Por supuesto, no podemos hablar aún de un cambio total de la representación. En este periodo aún se maneja la versión de la explosión de la planta de gas cuando se cuestiona a los informes de derechos humanos (Siles, 2020). Sin embargo, hay un claro reconocimiento abierto de la necesidad de investigaciones al respecto que no tuvieron una apertura similar en el primer periodo. Claro está, en este nuevo periodo aún hay un debate por la identificación de los culpables/responsables. En el cuadro 1, presentamos las condensaciones de las representaciones traumáticas acerca de los eventos en los dos periodos de estudio.
Conclusiones
Los avances que presentamos en este artículo nos invitan a pensar al menos dos puntos. Por un lado, la constitución de un trauma colectivo está en constante conflicto. A medida que pasa el tiempo, los grupos interesados y la opinión pública van solidificando cómo el trauma va a ser entendido y recordado. La constitución del trauma, como nos diría Eyerman (2019), es un proceso inacabado. El objetivo de este texto no es dar conclusiones o acabadas de lo que representa Senkata/Sacaba actualmente o lo que representará en un futuro.

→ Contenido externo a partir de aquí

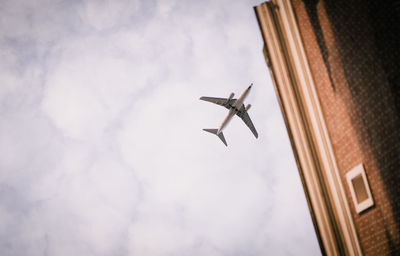 Low angle view of airplane flying against sky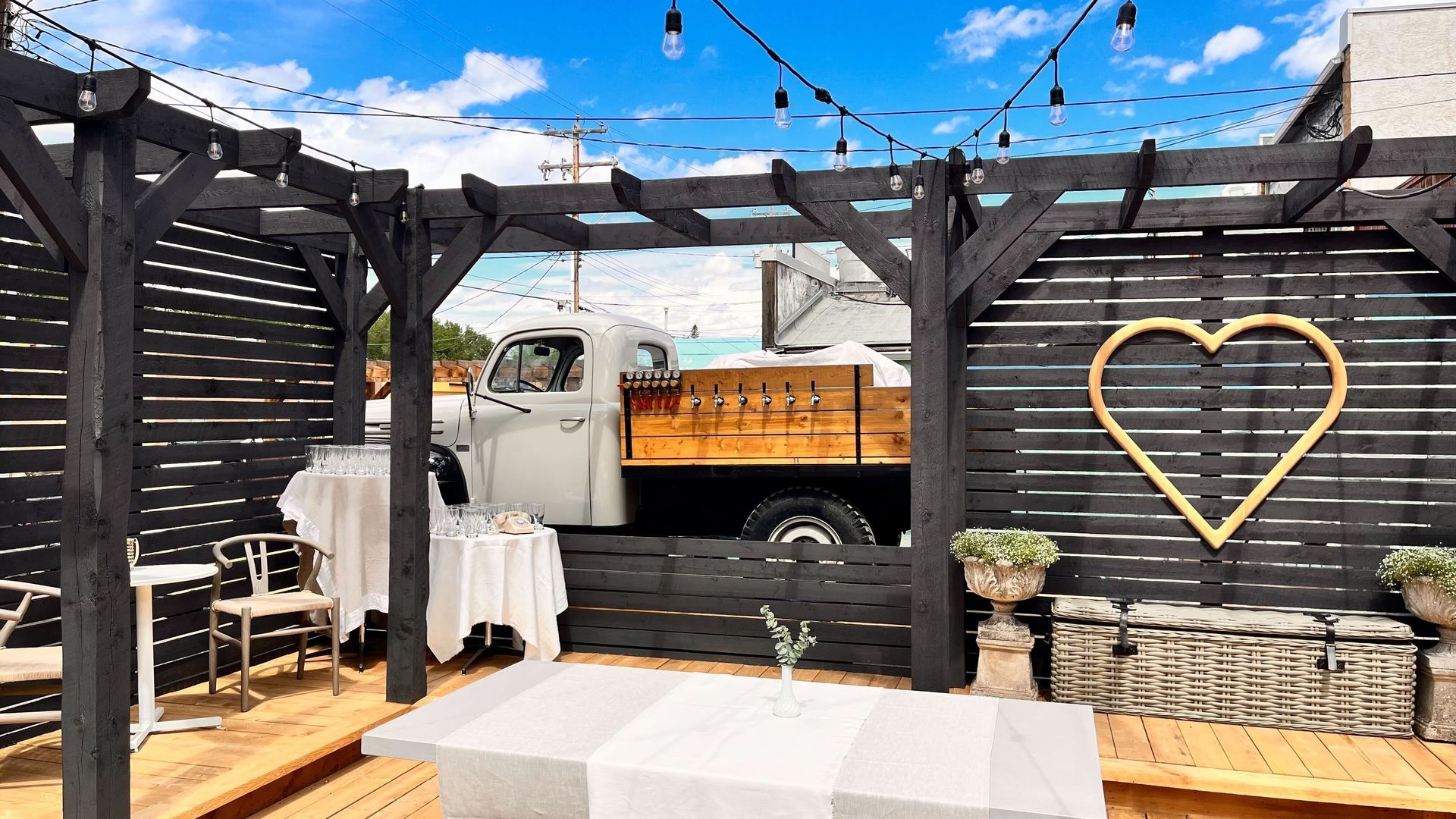 A truck is parked under a pergola with a heart on it.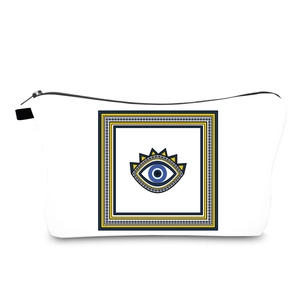 Detail of water-resistant toiletry bag with vibrant Evil Eye print and sturdy black zipper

Mas bien, queremos aportar con un estudio empírico de cómo en un escenario polarizado como el boliviano se dificulta la aceptación de una representación general de la violencia sociopolítica, que hay pugnas por la significación, que no es suficiente que los hechos “ocurran”. Esto, esperamos, servirá como un aporte inicial para explorar por qué ciertas narrativas se cristalizan en nuestra historia y memoria colectiva y cómo esto afecta a la construcción de una solidaridad social más amplia. Además, en un punto más específico, a partir de los aportes analíticos de la teoría que utilizamos podemos reflexionar por qué cuando se disputa la significación de un trauma se dificulta establecer como perpetradores a presidentes o actores estatales (Arteaga, 2019).
Por otra parte, consideramos importante debatir cómo abordar metodológicamente el estudio de las narrativas. Si bien es cierto que las fuentes primarias que usamos pueden parecer limitadas para entender el proceso más amplio de construcciones narrativas, consideramos que es un aporte inicial para pensar procedimientos rigurosos de investigación. También, puede pensarse cómo complementar la interpretación por líderes de opinión con otras fuentes, por ejemplo, las redes sociales. En democracias frágiles como la boliviana, los medios de comunicación tradicionales pueden esgrimir ciertas posiciones de grupos de poder (Molina y Bejarano, 2020) y, tal vez, las redes sociales podrían ser espacios de mayor libertad para ejercer agencia performativa.